Certain subsidiaries of the Operating LLC have restrictions on the withdrawal of capital and otherwise in making distributions and loans. JVB is subject to net capital restrictions imposed by the SEC and FINRA that require certain minimum levels of net capital to remain in this subsidiary. In addition, these restrictions could potentially impose notice requirements or limit our ability to withdraw capital above the required minimum amounts (excess capital) whether through a distribution or a loan. CCFL is regulated by the FCA and must maintain certain minimum levels of capital. See note 14 to our consolidated financial statements included in Item 1 in this Quarterly Report on Form 10-Q.

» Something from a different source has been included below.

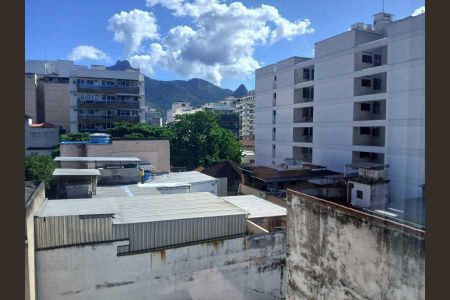 Apartamento à venda com 85m², 2 quartos e 1 vaga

See Liquidity and Capital Resources – Debt Financing and Liquidity and Capital Resources – Contractual Obligations below.
During the third quarter of 2010, our Board of Directors initiated a dividend of $0.05 per quarter, which was paid regularly through December 31, 2011. Beginning in 2012, the Company declared a dividend of $0.02 per quarter, which was paid regularly through the second quarter of 2015. The Company’s Board of Directors can decide to increase, reduce, or eliminate dividends in the future. The Company’s Board of Director’s decision will depend on a variety of factors, including business, financial, and regulatory considerations as well as any limitations under Maryland law or imposed by any agreements governing indebtedness of the Company. There can be no assurances that such dividends will be maintained or increased and, if maintained or increased, will not subsequently be discontinued.
Each time a cash dividend was declared by our Board of Directors, a pro rata distribution was made to the other members of the Operating LLC upon the payment of dividends to stockholders of the Company.
On July 30, 2015, our Board of Directors declared a cash dividend of $0.02 per share, which will be paid on our common stock on August 28, 2015 to stockholders of record on August 14, 2015. A pro rata distribution will be made to the other members of the Operating LLC upon the payment of the dividends to stockholders of the Company.
69
Cash Flows
We have four primary uses for capital:
(1) To fund the operations of our Capital Markets business segment: Our Capital Markets business segment utilizes capital (i) to fund securities inventory to facilitate client trading activities; (ii) for risk trading on our own account; (iii) to fund our collateralized securities lending activities; (iv) for temporary capital needs associated with underwriting activities; (v) to fund business expansion into existing or new product lines including additional capital dedicated to our TBA and other forward agency MBS and mortgage trading business line; and (vi) to fund any operating losses incurred.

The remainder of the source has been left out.